Aim of the exercise:
What needs reproducing is the run of lines in the data below starting at the line with "Liverpool s'arrête au" and ending at the line with "Ngày cưới bị", both ends included. Copy it exactly, without pictures, and add nothing.

Exercise data:
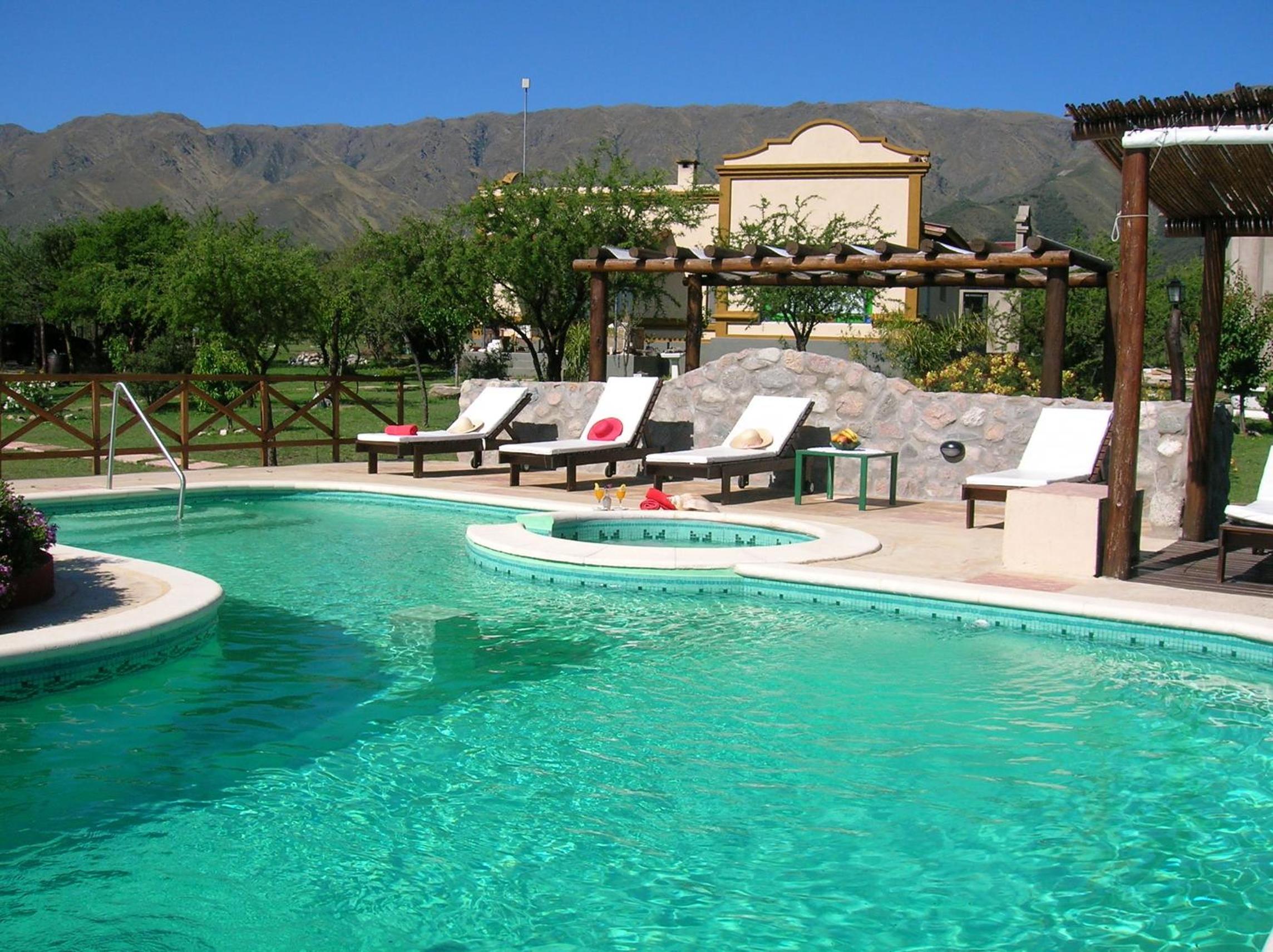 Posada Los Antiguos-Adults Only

==

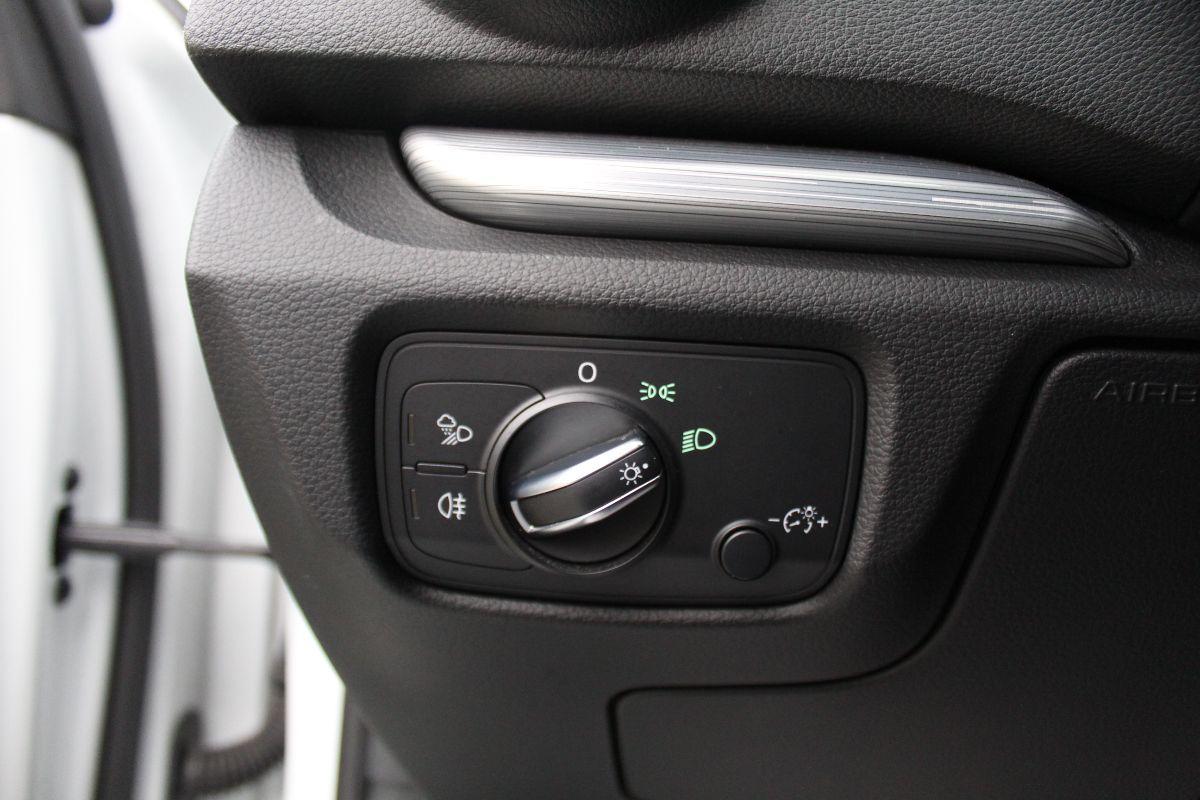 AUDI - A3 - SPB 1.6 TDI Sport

---

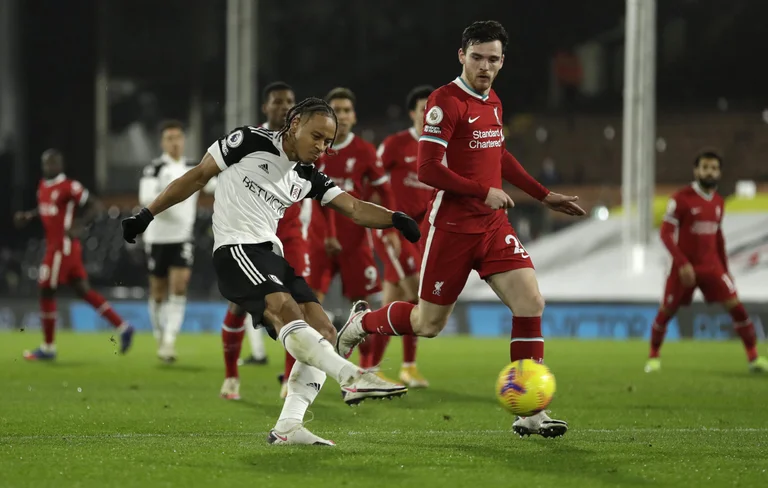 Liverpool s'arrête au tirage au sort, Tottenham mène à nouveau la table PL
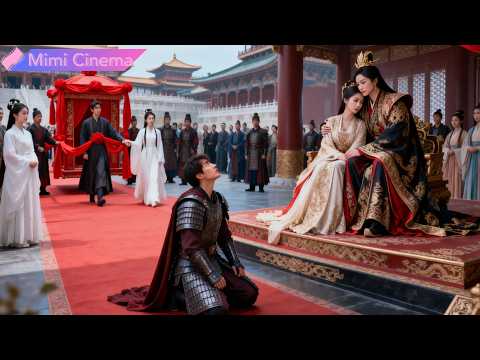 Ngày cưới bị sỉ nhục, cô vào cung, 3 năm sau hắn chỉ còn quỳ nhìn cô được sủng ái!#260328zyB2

Solution for this exercise:
 Liverpool s'arrête au tirage au sort, Tottenham mène à nouveau la table PL
 Ngày cưới bị sỉ nhục, cô vào cung, 3 năm sau hắn chỉ còn quỳ nhìn cô được sủng ái!#260328zyB2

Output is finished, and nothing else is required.